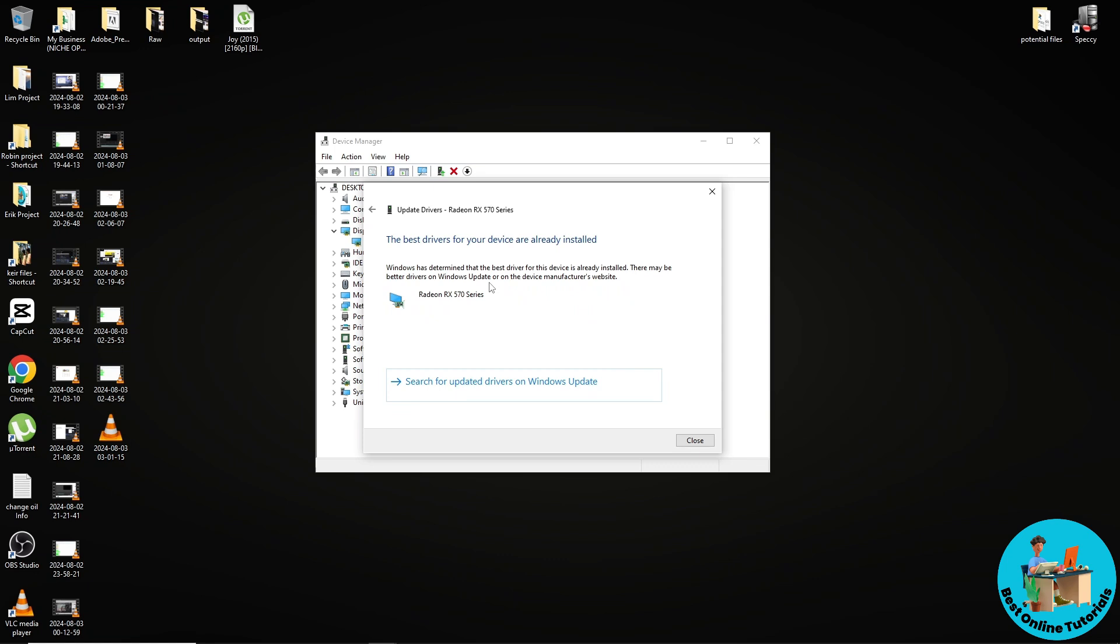automatically your computer will search for the best drivers for your device. Since I already have the latest version, I won't be able to show you, but if you do, it will pop up that you should install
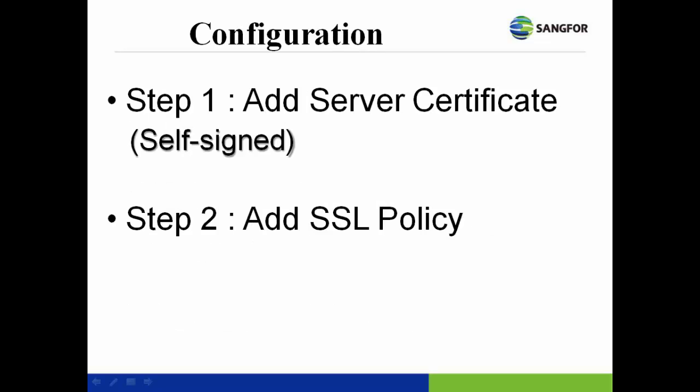Now I am going to introduce the basic steps to configure the SSL policy. First of all, you can choose to add the new server certificate under the object tab. If you are going to create the new SSL policy first, the system will prompt for the server certificate also.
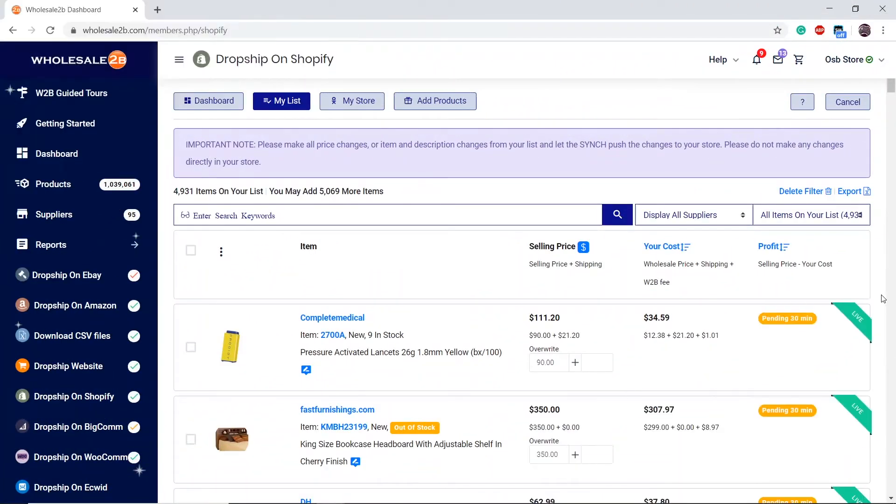The second way is you can click on the dollar sign button at the top of your list to configure markups on your wholesale prices. This will allow you to update prices in bulk.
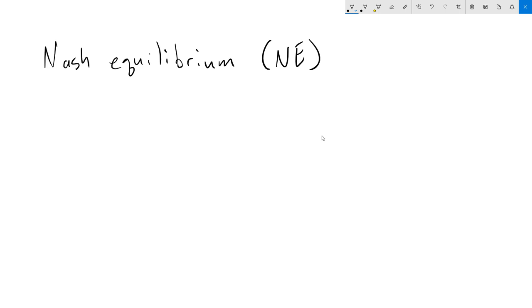Hello everyone. In this video I'm going to talk about the concept of Nash equilibrium. Nash equilibrium is named after the famous mathematician John F. Nash, which he developed in the 1950s and was a huge contribution to the field of game theory.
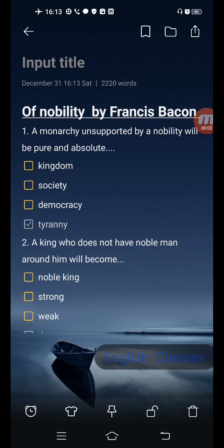Hello friends, welcome to my channel. Today's topic is 'Of Nobility' by Francis Bacon. Question number one: a monarchy unsupported by a nobility will be — options are kingdom, society, democracy, and tyranny. Correct answer is the last one: tyranny.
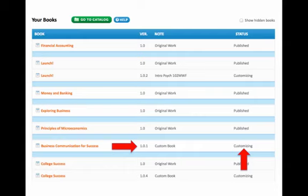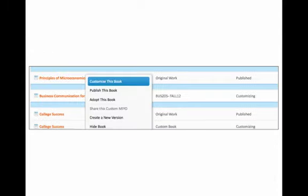Once you've located the book you've started customizing, click on the title to bring up the menu and select Customize this book. This will take you back to your custom version in progress.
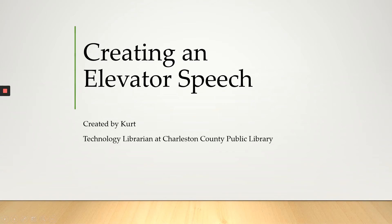Hi everyone, my name is Kurt and I am a technology librarian at the Charleston County Public Library and today we are going to talk about creating an elevator speech.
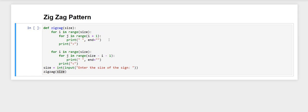Hello everyone, welcome back. Today we are going to see how to print a zigzag pattern using the greater than and smaller than symbols.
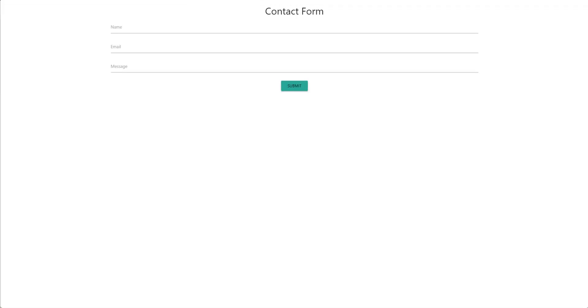Welcome back to my channel — it's Chelsea from She Designs Things. In today's video I'm going to be sharing how to create a contact form using Google Sheets and Apps Script.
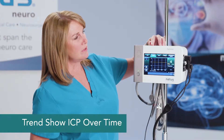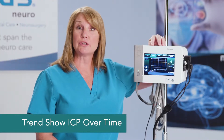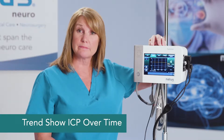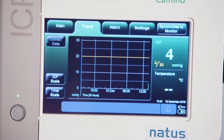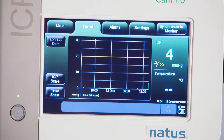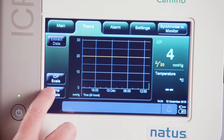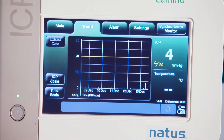The trend tab is where we're able to go back and look at ICP over time. On this tab, we can look at ICP value as a bar graph at 3 hours, 12 hours, 24 hours, 48 hours, or up to 5 days worth of data. In order to change that scale, we simply touch where it says time scale and we're able to look at our trend data.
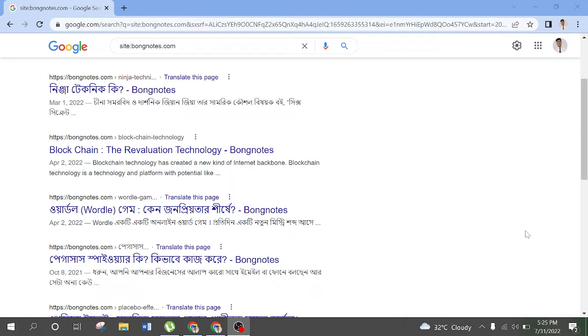Assalamualaikum warahmatullahi wabarakatuh. Welcome to Coding Ways. In today's video, we have a link to the search index of the search console.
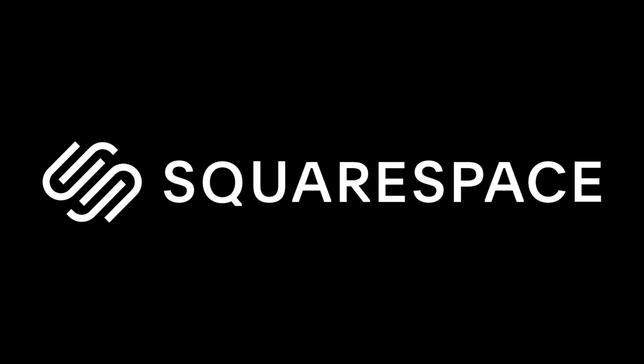Hey there. This video is brought to you by Squarespace. If you need a website, then you should definitely check out Squarespace, and more on that later.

..............................

### EXERCISE DESCRIPTION
Pictures stay out; reproduce exactly the lines from the one containing "Hello friends, welcome" through the end of the data.

### ANSWER AREA
Hello friends, welcome to my channel. Today's topic is 'Of Nobility' by Francis Bacon. Question number one: a monarchy unsupported by a nobility will be — options are kingdom, society, democracy, and tyranny. Correct answer is the last one: tyranny.
Once you've located the book you've started customizing, click on the title to bring up the menu and select Customize this book. This will take you back to your custom version in progress.
Hi everyone, my name is Kurt and I am a technology librarian at the Charleston County Public Library and today we are going to talk about creating an elevator speech.
Hello everyone, welcome back. Today we are going to see how to print a zigzag pattern using the greater than and smaller than symbols.
Welcome back to my channel — it's Chelsea from She Designs Things. In today's video I'm going to be sharing how to create a contact form using Google Sheets and Apps Script.
The trend tab is where we're able to go back and look at ICP over time. On this tab, we can look at ICP value as a bar graph at 3 hours, 12 hours, 24 hours, 48 hours, or up to 5 days worth of data. In order to change that scale, we simply touch where it says time scale and we're able to look at our trend data.
Assalamualaikum warahmatullahi wabarakatuh. Welcome to Coding Ways. In today's video, we have a link to the search index of the search console.
Hey there. This video is brought to you by Squarespace. If you need a website, then you should definitely check out Squarespace, and more on that later.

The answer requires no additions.